Finally we breasted the last hill and began the descent towards Mill Cottage. I’d left a light on in the porch, as I always did at this time of year, and it glowed, a welcoming beacon in the pool of darkness that was the ford, the river and the house.
‘You don’t mind being so isolated?’ It was the first thing Connor had said in miles. Perhaps he felt he’d said too much earlier. I could only hope that tact and shame were beginning to creep into his make-up.
‘No.’ I steered into my parking spot. Then, feeling that maybe a degree of rapprochement might be called for before we spent an evening together in chilly silence, ‘And there are always the ducks.’
We got out of the car, into the cool and the quiet. There was no sound apart from the plop and gurgle of the river, and a distant wind running its way through the reeds, as though searching for something.
‘They’re not exactly popping round for a drink and a bowl of peanuts though, are they?’ Connor, too, was keeping it light. I felt my shoulders drop a little and realised I’d been tensing myself against a continuation of his questioning about my life choices.
‘They sit outside the window in the morning waiting for toast,’ I pointed out. ‘And things can get quite heated if there isn’t enough to go round.’
‘Like our old neighbours in Dublin.

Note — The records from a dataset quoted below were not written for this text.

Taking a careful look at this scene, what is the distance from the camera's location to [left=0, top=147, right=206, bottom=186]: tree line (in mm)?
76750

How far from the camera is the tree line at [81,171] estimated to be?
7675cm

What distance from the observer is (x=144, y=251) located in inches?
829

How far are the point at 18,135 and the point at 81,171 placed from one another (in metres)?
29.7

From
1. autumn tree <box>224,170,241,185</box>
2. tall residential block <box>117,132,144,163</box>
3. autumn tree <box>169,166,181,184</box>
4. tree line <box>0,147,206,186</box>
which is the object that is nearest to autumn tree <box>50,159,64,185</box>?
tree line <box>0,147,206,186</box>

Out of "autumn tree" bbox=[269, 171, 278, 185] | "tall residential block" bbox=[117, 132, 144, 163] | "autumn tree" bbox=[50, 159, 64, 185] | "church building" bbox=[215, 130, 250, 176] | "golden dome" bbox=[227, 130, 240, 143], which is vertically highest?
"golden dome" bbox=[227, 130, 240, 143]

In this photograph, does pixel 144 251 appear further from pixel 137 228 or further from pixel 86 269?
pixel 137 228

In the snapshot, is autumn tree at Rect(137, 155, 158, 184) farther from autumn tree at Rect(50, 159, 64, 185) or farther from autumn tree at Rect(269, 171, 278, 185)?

You should have heard the rows when the sherry ran out.’
That made me smile and the smile made me loosen up sufficiently when I unlocked the front door to offer to put the kettle on and make some tea. ‘What about food? Have you eaten?’
‘I’m a history professor. I’m lucky to catch the last pack of sandwiches in the shop down on campus. I’ve had a few biscuits, in the meeting.’
‘How are you still standing?’
‘I had toast.’ He pointed at my toaster. ‘This morning. You made me toast, remember?’
The kitchen light came on, bright and invasive. ‘I was going to make a stir-fry,’ I said. ‘Would you like some?’ Then I wanted to bite my tongue again. It wasn’t my fault that he didn’t feed himself properly – I’d had a fair few of those meetings myself, the ones that went on for hours and ended with you feeling so wrung out that you could barely sip a Cup-A-Soup afterwards. I’d had evenings where I went to bed with a bowl of cereal and realised I’d had nothing else since breakfast.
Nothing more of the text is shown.